What do these deals have in common? Both Puma and Club Monaco are heavily exposed to brick-and-mortar: puma.com generated about $280 million in 2020, compared to the group’s consolidated sales of over $6 billion; Club Monaco only sells online in Canada and the US, but has a retail network of over 140 boutiques worldwide. Meanwhile, Contentsquare, a French start-up founded in 2012 to help e-tailers understand the behavioural patterns of their customers, hit a valuation of $2.8 billion in its latest raise last month, a record for a “French Tech” company.
SLI versus MSCI
The Savigny Luxury Index (“SLI”) gained close to 7 percent in May as more evidence of a strong recovery came through in the latest quarterly results, outperforming the MSCI by over 10 percentage points.
Safilo and Tod’s rallied on the back of strong quarterly results, with sales performance exceeding expectations thanks to a strong recovery in Asia. Both companies are also subject to bid speculation. Safilo ended the month up almost 50 percent, whilst Tod’s gained a respectable 21 percent.
Richemont’s annual results came in ahead of expectations this month, notably with net earnings increasing by almost 40 percent.
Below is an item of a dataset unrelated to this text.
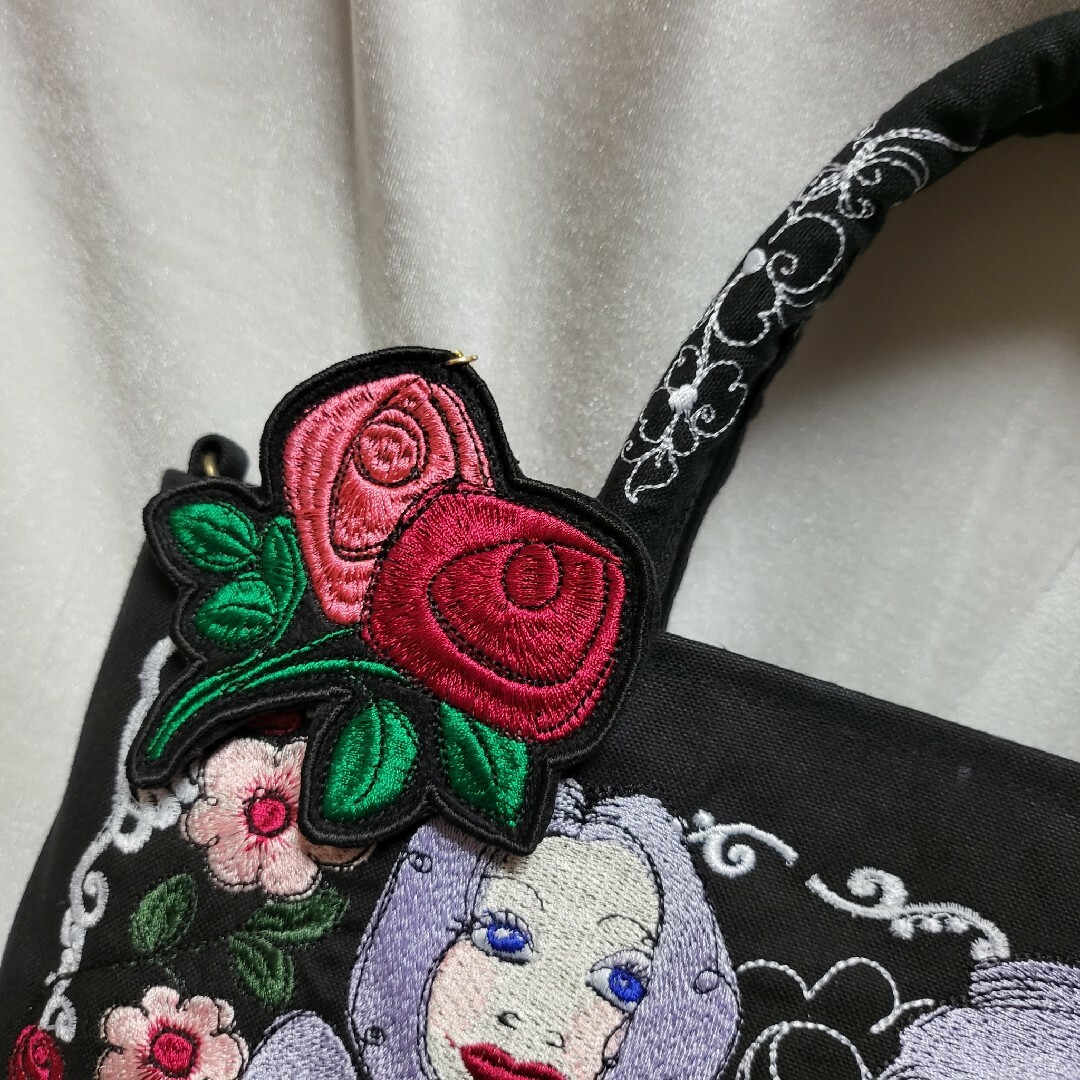 ロラライハリス♡フラワー型押し本革ブラック♡刺繍の肩掛けファスナー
The group’s optimism for the year ahead combined with the reported rejection of a merger approach by Kering saw the share price increase by almost 17 percent.
The bottom of the price performance leaderboard had a distinctively US flavour last month. This is because investors were spooked by higher-than-expected inflation rates in April, fearing that this might prompt the Federal Reserve to hike interest rates sooner than anticipated. The stock registering the biggest decline this month was Ralph Lauren, which had also indicated that full-year revenue would fall short of expectations. The stock lost almost 7 percent of its value. Tapestry was not far behind, losing just over 6 percent of its value, whilst Estée Lauder lost over 2 percent of its value.
What to Watch
Pre-pandemic, close to 50 percent of all luxury purchases were made by tourists. Travel retail remains the last bastion of purely physical retail as the final purchase needs to be made in designated duty-free locations. When international travel resumes, the travel retail channel will regain strong relevance as an important physical touch point for brands. Expect to see brands and their airport landlords become more creative in offering a more interesting consumer experience.
Pierre Mallevays is a partner and co-head of merchant banking at Stanhope Capital Group.